# Nuts



## kiska95

just thought I would say that I'm now addicted to Wades nuts!!!!!


----------



## smokin monkey

Heard of Nobby's Nuts, but never Wade's Nuts. Any pictures or Recepie to make them?


----------



## wade

Which ones Brian. The salted or unsalted cashews?


----------



## wade

There were 2 different types of Cashews that were included in Brian's prize - Both were smoked and roasted, however one pack was salted and the other was unsalted. There is also a third type that I like which includes chilli. I do not have photos of the whole process but I do have of part of it. Next time I will take more.

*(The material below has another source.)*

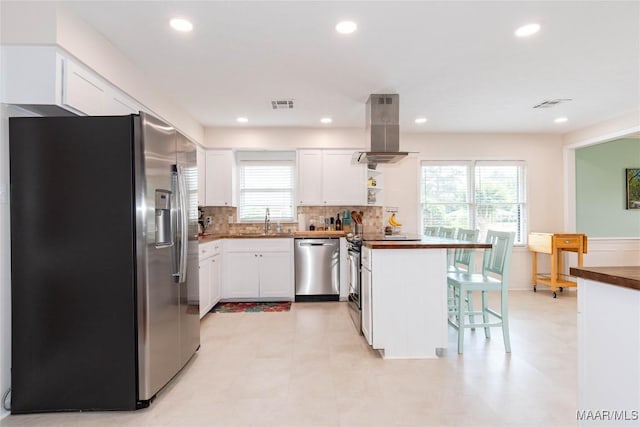 206 Choctaw Dr, Montgomery, AL 36117 - kitchen with stainless steel appliances, island range hood, a sink, a peninsula, and white cabinetry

The actual method is the same for both

Bring 2 litres of water to a gentle boil in a saucepan. For the salted nuts add 4 tablespoons of course salt (if using fine salt then reduce this to 3 tablespoons). Add 500 g of raw cashew kernels to the water and simmer gently for 8 minutes.













weighed.jpg



__ wade
__ Dec 20, 2015






Add nuts to simmering salted water. The photos below are with Chilli













Water with chilli.jpg



__ wade
__ Dec 23, 2015


















Nuts Simmering.jpg



__ wade
__ Dec 23, 2015






Drain the nuts and place on a mesh tray. Here I am using one I made from stainless steel mesh but a slotted Weber Grill basket or tray works well. At this stage the nuts will be quite soft - this is normal.

 













After boiled.jpg



__ wade
__ Dec 20, 2015






Smoke the nuts for 4-5 hours, stirring half way through to ensure that all of the nuts get a good amount of smoke.

After smoking, place the nuts (still in the tray) in an oven at 110 C for about 45 minutes until they are just starting to colour. The nuts will now have crisped back up and when cold will have a crunch.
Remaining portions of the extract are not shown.